Recorded data: Begin
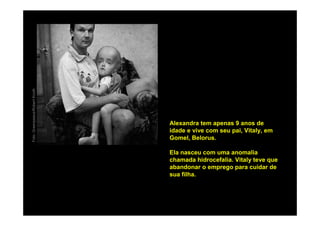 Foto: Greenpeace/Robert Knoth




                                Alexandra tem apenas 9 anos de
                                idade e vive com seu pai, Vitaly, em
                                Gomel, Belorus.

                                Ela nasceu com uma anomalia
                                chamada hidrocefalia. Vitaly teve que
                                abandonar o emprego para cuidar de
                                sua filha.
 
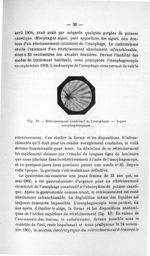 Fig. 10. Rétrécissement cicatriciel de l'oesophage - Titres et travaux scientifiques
Recorded data: End
§ **What is expected**
Using the data above, show each line where "Vitaly" occurs.

§ **Task result**
                                idade e vive com seu pai, Vitaly, em
                                chamada hidrocefalia. Vitaly teve que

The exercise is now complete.